Quando ele se aproximou mais, ela lançou-lhe um olhar arregalado de medo, de susto. O caco de vidro caiu no chão. Ela afastou-se cambaleando e bateu a cabeça com força em um pedaço de concreto. Imediatamente, o sangue parou de jorrar de suas artérias expostas. Os olhos dela estavam sem vida. Buck forçou para abrir a mandíbula da mulher e fez respiração boca a boca. O peito dela inflou-se, e as artérias verteram um pouco mais de sangue, mas tudo foi em vão.

Buck olhou ao redor, perguntando a si mesmo se deveria cobrir o corpo da mulher. Do lado contrário, havia um senhor idoso em pé à beira de uma cratera, parecendo prestes a atirar-se dentro dela. Buck não podia mais suportar aquilo. Estaria Deus preparando-o para ver outra cena igual se Chloe não tivesse sobrevivido?

Subindo exausto no Range Rover, ele decidiu que não pararia mais para ajudar outra pessoa que não quisesse ser ajudada. Por todos os lugares que ele olhava, só via devastação, fogo, água e sangue.



Contrariando seu modo de ser, Rayford deixou o homem morto na areia do deserto. O que ele faria se visse outras pessoas nas mesmas condições? Como Carpathia podia ser insensível a tudo isso? Será que ele não tinha um pingo de humanidade? Mac teria permanecido ali e ajudado.

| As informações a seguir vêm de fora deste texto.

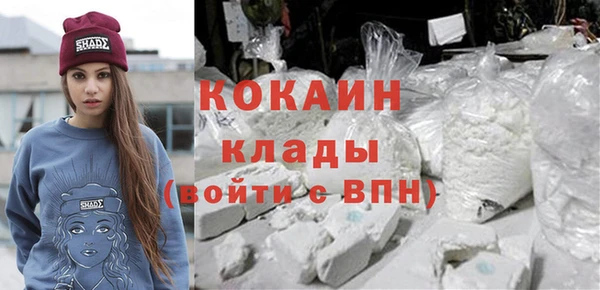 шишки Баксан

Rayford estava desesperado para encontrar Amanda viva. Apesar de saber que seu único objetivo no momento seria procurá-la, ele desejava ter marcado mais cedo o encontro com Mac. Já presenciara coisas terríveis na vida, mas a mortandade naquele aeroporto superou a tudo. Um abrigo, mesmo que fosse do anticristo, parecia melhor do que aquela cena diante dele.